K – İktidarın “iktidar”ını kaybetmemek için demokratik yöntemlerin ötesinde yeri geldiğinde “sivil milis”lerini devreye sokmak amacıyla çeşitli yasal düzenlemeler yaptığı iddiaları, bugüne kadar tatmin edici açıklamalarla cevaplanmadı, reddedilmedi. Polisin ağır silahlar kullanmasına ve bekçilerin silahlandırılmasına dönük yasalar bana göre bu “sivil milis” gücün kurulmasına dönük düzenlemelerden ilk akla gelenler olabilir. Dolayısıyla iktidarını kaybetmemek için yasal düzenleme altyapısını hazırlayan iktidarın, darbe girişimi gibi olağanüstü durumlarda kendi taraftarlarını hızla sahaya sürmek için yasal olmayan “olağanüstü durum” çözümlerine de başvurmuş olması da muhtemel. Dönemin AKP il Başkanı Selim Temurci’nin, Sedat Peker’in “devlet envanterine kayıtlı olmayan silahları sivillere ve AKP Gençlik Kolları’ndan Osman Tomakin’e teslim ettiğine” ilişkin iddiasına verdiği “Berat Albayrak’a yakın olduğunu düşündüğüm il gençlik kolları başkanımız, bu işi Berat Bey’in haberi olmadan asla yapmaz” yanıtı ve “silah dağıtılmasına” ilişkin “Böyle bir şeye onay varecek merci, Süleyman Soylu değildir” diyerek onun üstünde Cumhurbaşkanı Erdoğan’ı işaret etmesi bu olasılığı güçlendiren olgular. Bahsettiğiniz gibi bu ihtimal yüksek olmasaydı, bu konuda İçişleri Bakanlığı’nın “sadece 24 silahın kayıp olduğu”na dair “komik” açıklamasının ötesinde “en üst seviyede” bir açıklama yapılmış olması gerekirdi.
GÖZLEM – Türkiye, “erken bir baskın seçim gündemde” tartışmalarını yaşarken, “o iddialar bir yana” normal olan “2023 seçimleri yaklaşırken”, TRT’nin yönetiminde yapılan “yeni atamaları” nasıl yorumluyorsunuz?
K – İktidar tabii ki elindeki bütün imkanları kullanarak seçimlere avantajlı girmek istiyor ancak TRT’nin izlenilirlik açısından halk nezdinde büyük bir ağırlığı olduğunu düşünmüyorum. Bu daha çok iktidar içindeki güç dengeleri açısından dikkat çekici. Son dönemde iktidar içinde yeniden Berat Albayrak’ın başını çektiği grubun etkisini arttırdığına dair çeşitli emareler var. Sanırım TRT atamalarını da, seçimlerin yanısıra bu açıdan dikkate almak gerekli.
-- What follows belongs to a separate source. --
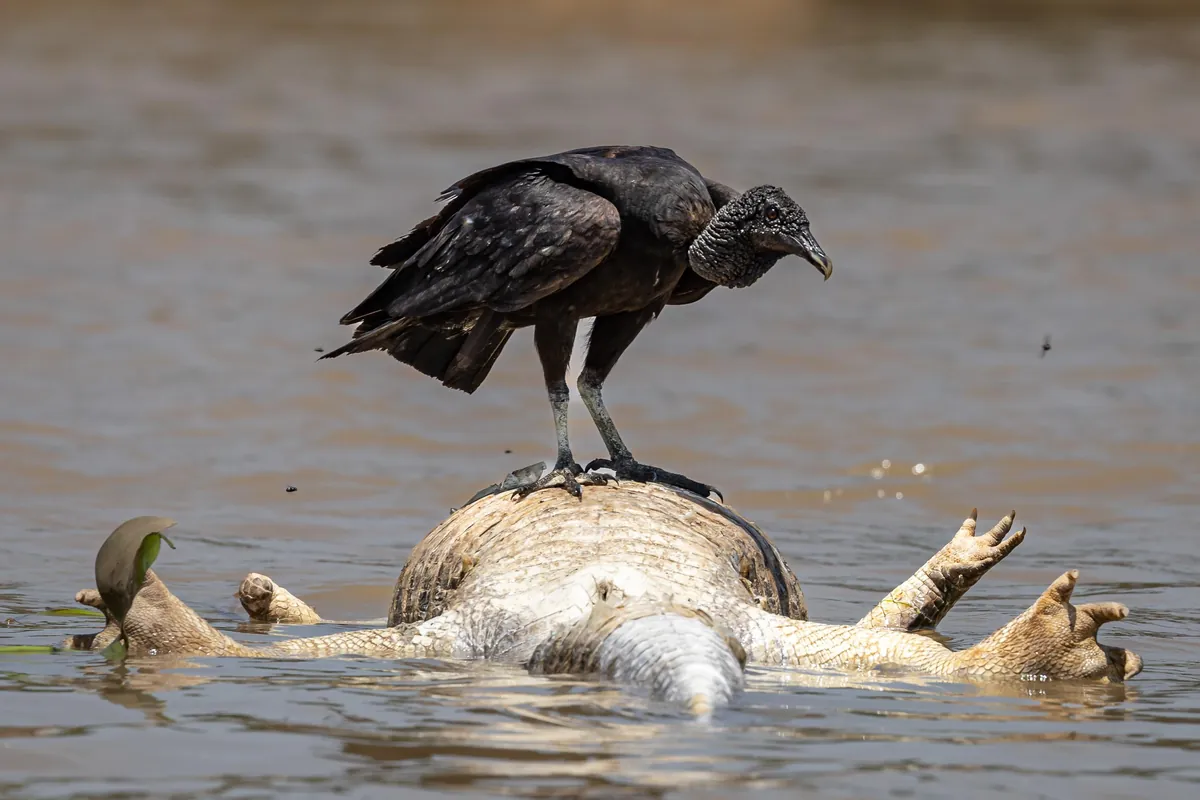 Self Drive Trip along the Transpantaniera Highway in the Brazilian Pantanal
GÖZLEM – MHP genel başkanı ile AKP genel başkanı ve cumhurbaşkanının “muhalefetin kastedildiği” çok açık olarak belli olan konuşmalarla “iktidarın teslim edilmeyeceği… verilmeyeceği” şeklindeki sözleri sizce “ne anlama geliyor” ve neden söyleniyor?
K – Birincisi “samimi” düşüncelerini açıkladıklarını düşünüyorum. Hakikaten yasal ve meşru bir seçim süreci sonunda “kaybetseler” dahi iktidarı vermemek için ellerinden geleni yapacaklarından şüphe yok. 7 Haziran seçimlerinden sonra CHP’ye hükümet kurmak için görev verilmemesi bu tür olası çabalara bir örnek olarak görülebilir. Önceden bahsettiğimiz “sivil milis”lere dönük hazırlıklar bu tür çabaların meşruiyet sınırını aşacak türde icraatlardan olabilir. Eğer ABD gibi bir “demokrasi”de önceki Başkan Trump’ın koltuğunu devretmemek için yaptıkları hatırlanacak olursa, Türkiye’de de bu tür örneklerin çok daha ötesinde çabalarla karşılaşılacağını kestirmek çok da yanlış olmaz. Ancak tüm bunlardan önce, bu tür açıklamaların kararsız seçmen üzerinde “nasıl olsa kaybetseler bile gitmezler” şeklinde bir “bıkkınlığa” ve “boşvermişliğe” yol açmak için kullanılan stratejilerden olduğunu düşünmek gerekiyor.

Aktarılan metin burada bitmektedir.